-- WORK ITEM --
Could you set down only the lines from the one including "CASEP solar box" to the end of the records below, inclusive and exact, leaving pictures out?

BEGIN SUPPLIED DATA

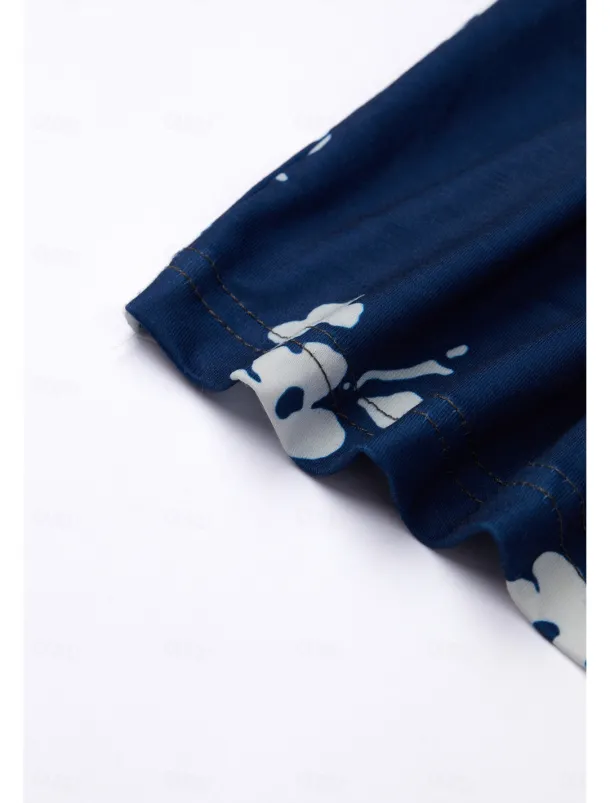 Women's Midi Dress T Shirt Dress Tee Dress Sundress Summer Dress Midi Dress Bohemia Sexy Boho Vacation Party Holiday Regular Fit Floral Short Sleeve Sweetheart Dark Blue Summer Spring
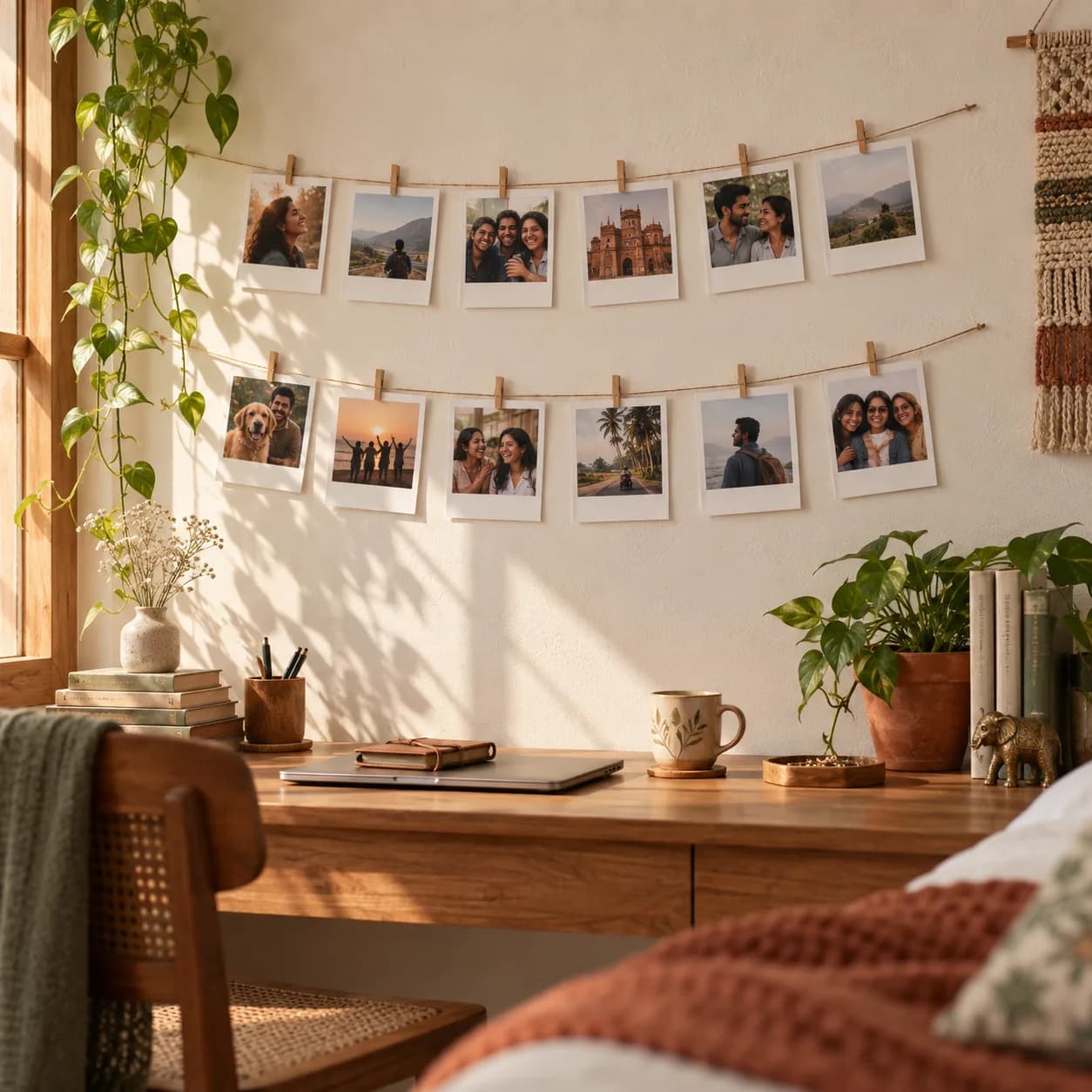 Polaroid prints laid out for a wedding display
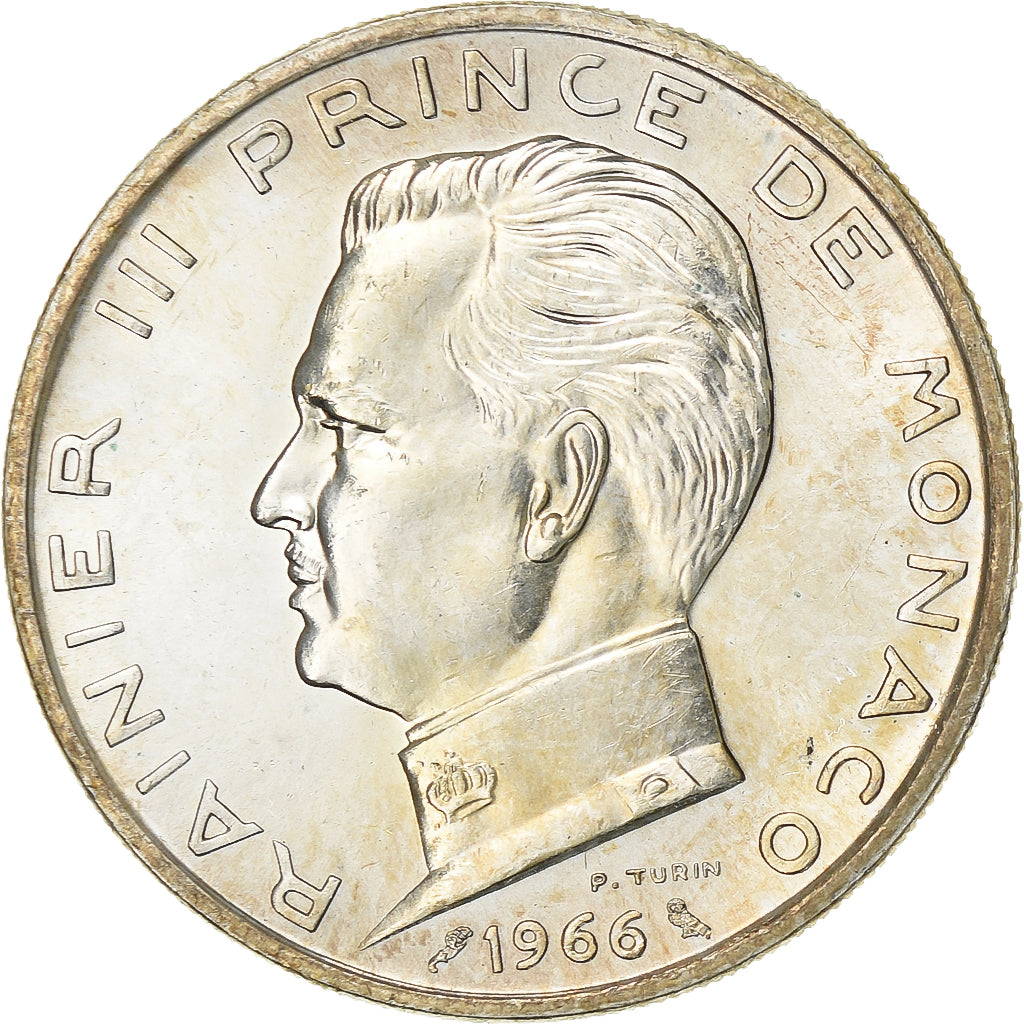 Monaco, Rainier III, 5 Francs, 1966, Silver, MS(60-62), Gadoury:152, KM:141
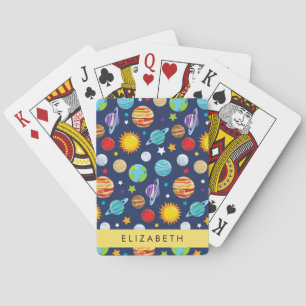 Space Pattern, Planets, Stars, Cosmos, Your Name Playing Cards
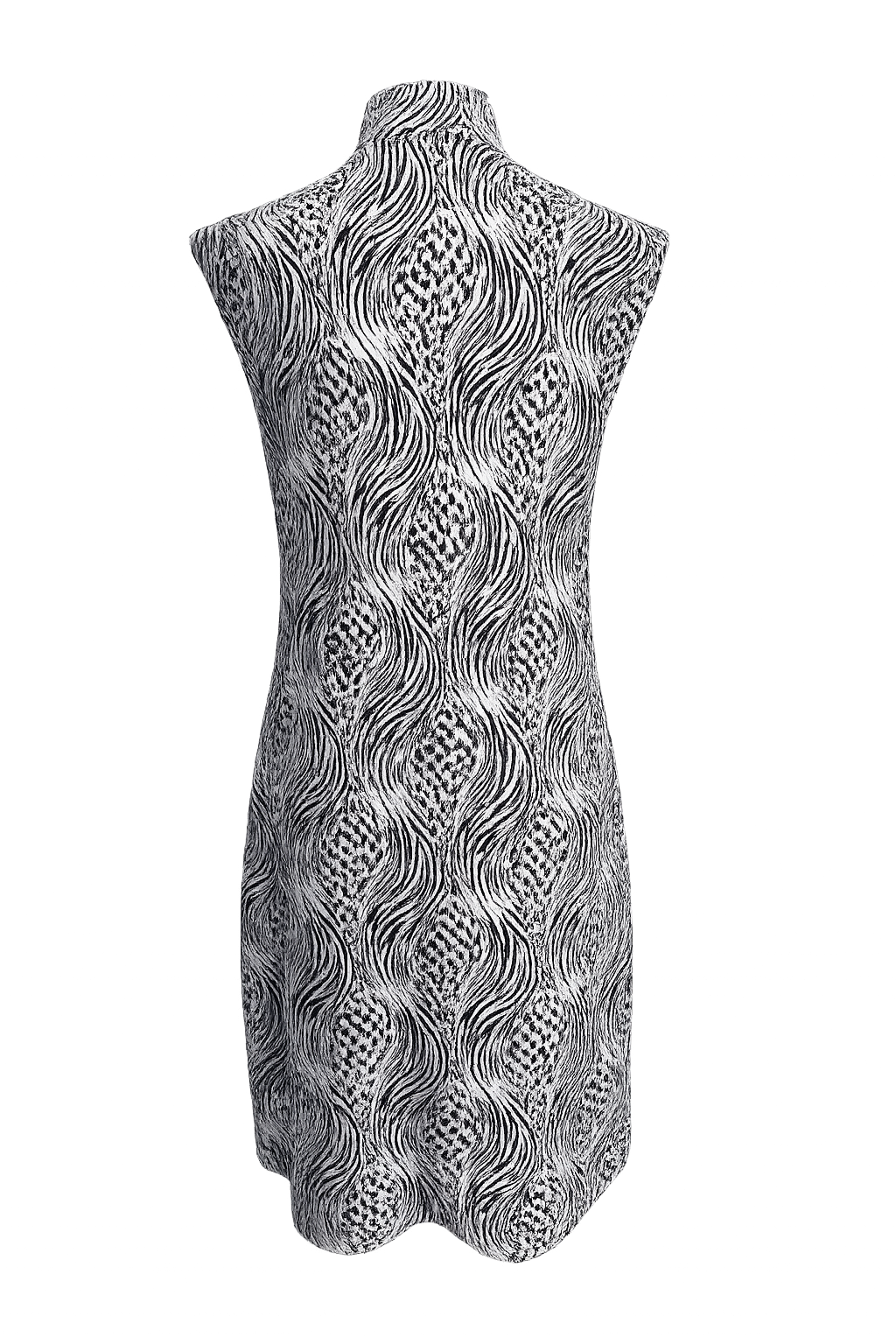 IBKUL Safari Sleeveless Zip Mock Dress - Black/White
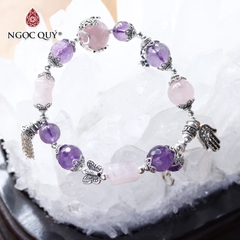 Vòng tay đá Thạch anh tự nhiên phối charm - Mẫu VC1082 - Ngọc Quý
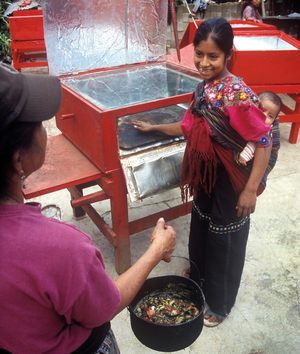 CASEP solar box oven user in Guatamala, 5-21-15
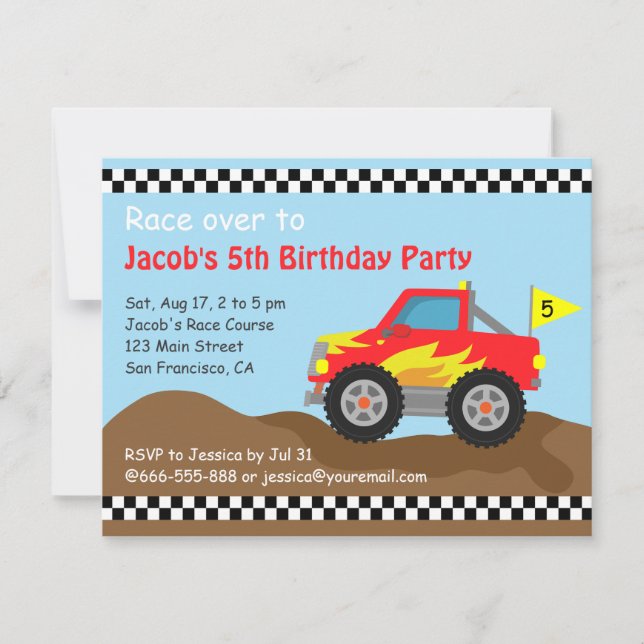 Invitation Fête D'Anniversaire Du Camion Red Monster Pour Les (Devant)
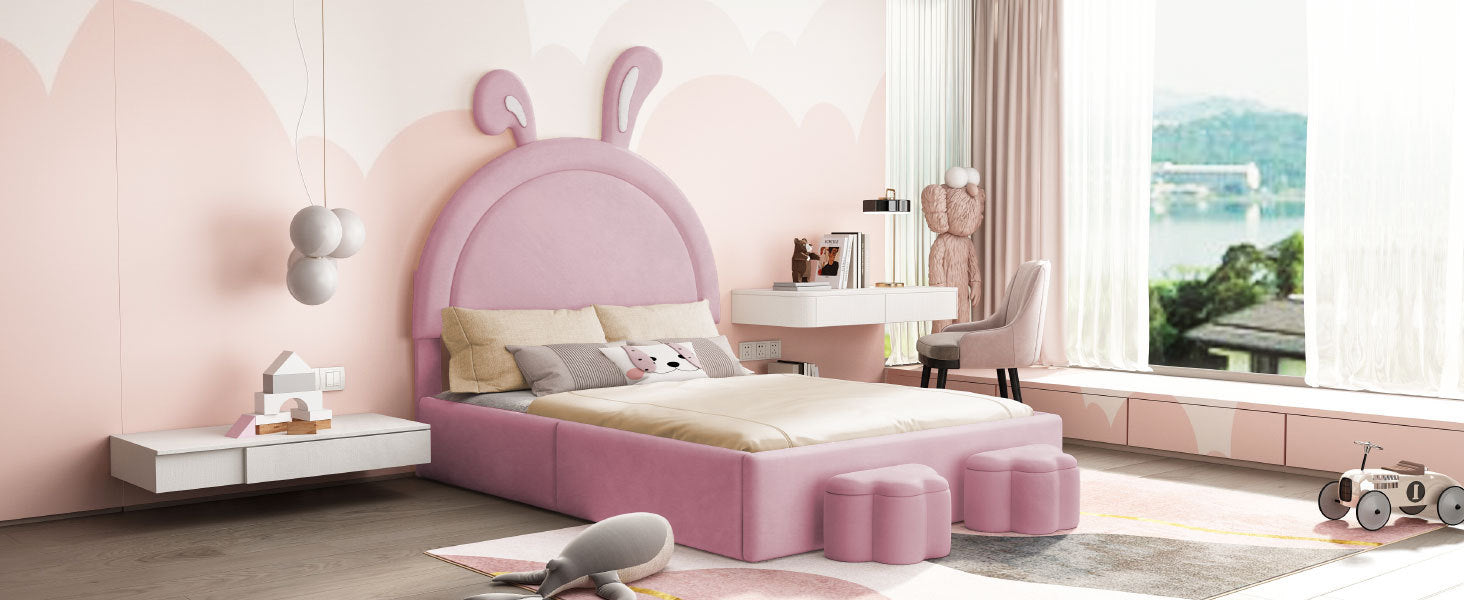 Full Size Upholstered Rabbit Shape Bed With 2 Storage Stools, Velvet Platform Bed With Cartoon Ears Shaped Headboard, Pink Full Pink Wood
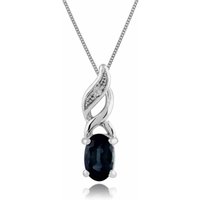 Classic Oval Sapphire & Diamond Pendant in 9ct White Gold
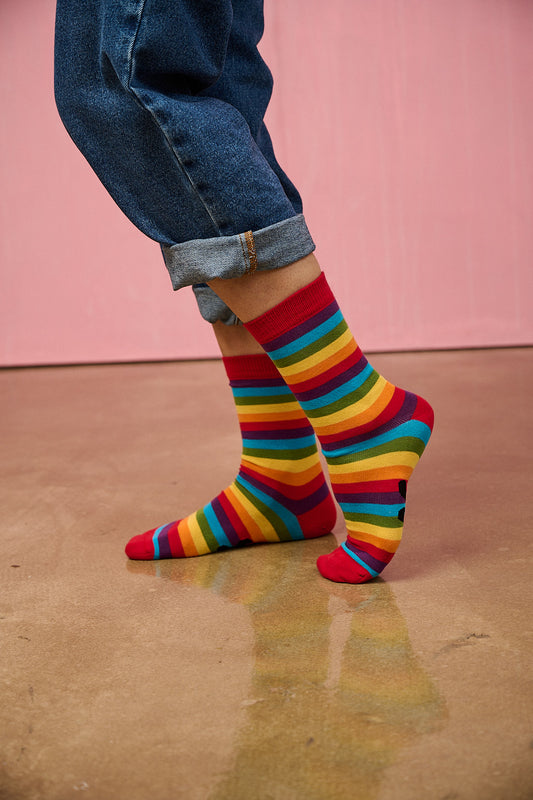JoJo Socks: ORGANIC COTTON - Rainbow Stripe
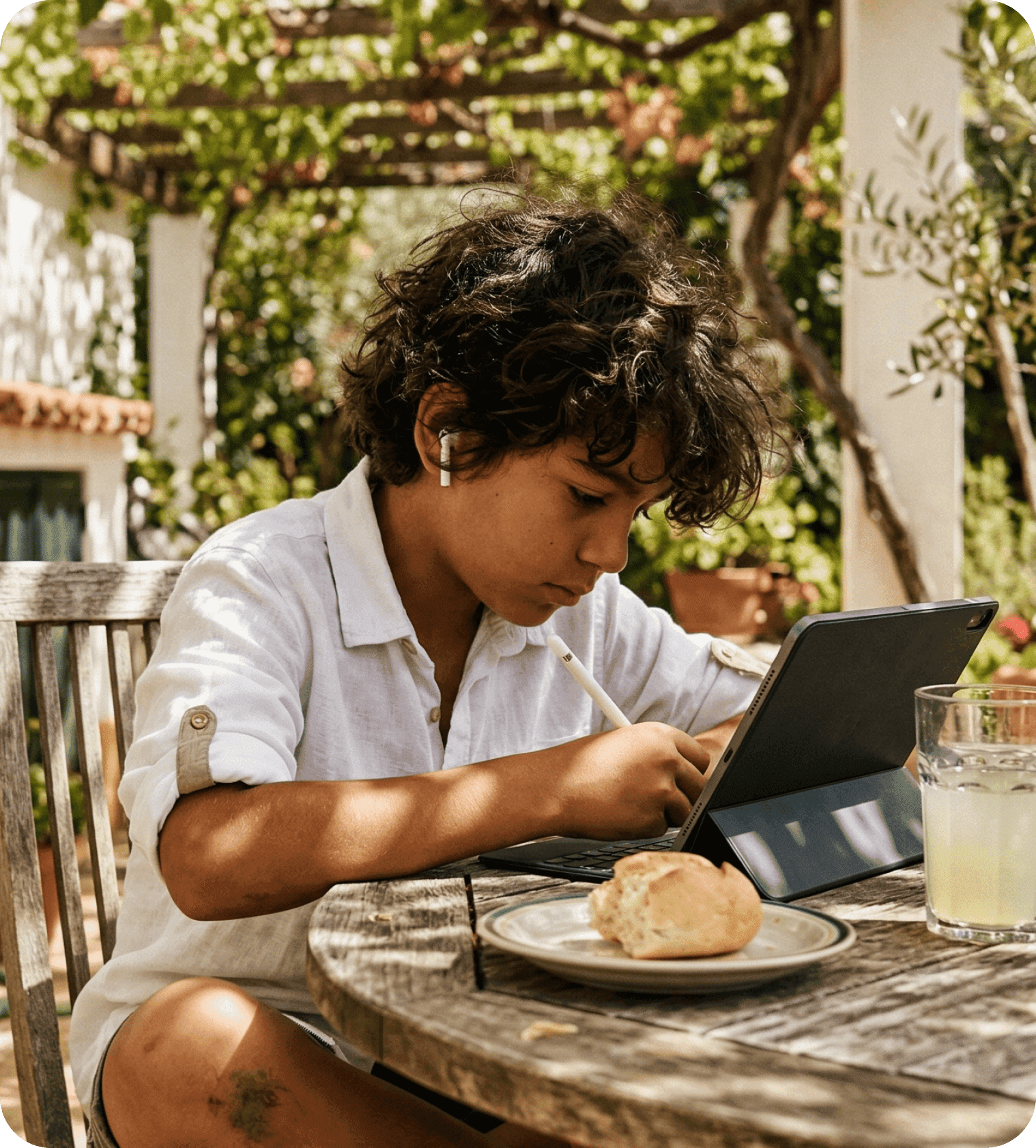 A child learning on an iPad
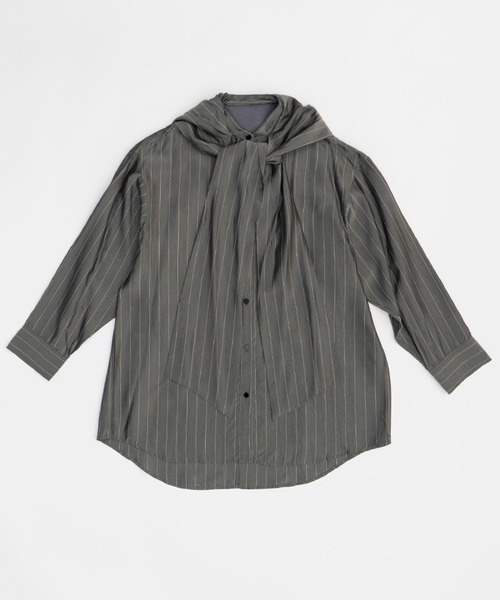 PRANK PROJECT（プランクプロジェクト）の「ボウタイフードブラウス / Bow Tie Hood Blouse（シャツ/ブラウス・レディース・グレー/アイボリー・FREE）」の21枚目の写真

END SUPPLIED DATA

-- ANSWER BOX --
 CASEP solar box oven user in Guatamala, 5-21-15
 Invitation Fête D'Anniversaire Du Camion Red Monster Pour Les (Devant)
 Full Size Upholstered Rabbit Shape Bed With 2 Storage Stools, Velvet Platform Bed With Cartoon Ears Shaped Headboard, Pink Full Pink Wood
 Classic Oval Sapphire & Diamond Pendant in 9ct White Gold
JoJo Socks: ORGANIC COTTON - Rainbow Stripe
 A child learning on an iPad
 PRANK PROJECT（プランクプロジェクト）の「ボウタイフードブラウス / Bow Tie Hood Blouse（シャツ/ブラウス・レディース・グレー/アイボリー・FREE）」の21枚目の写真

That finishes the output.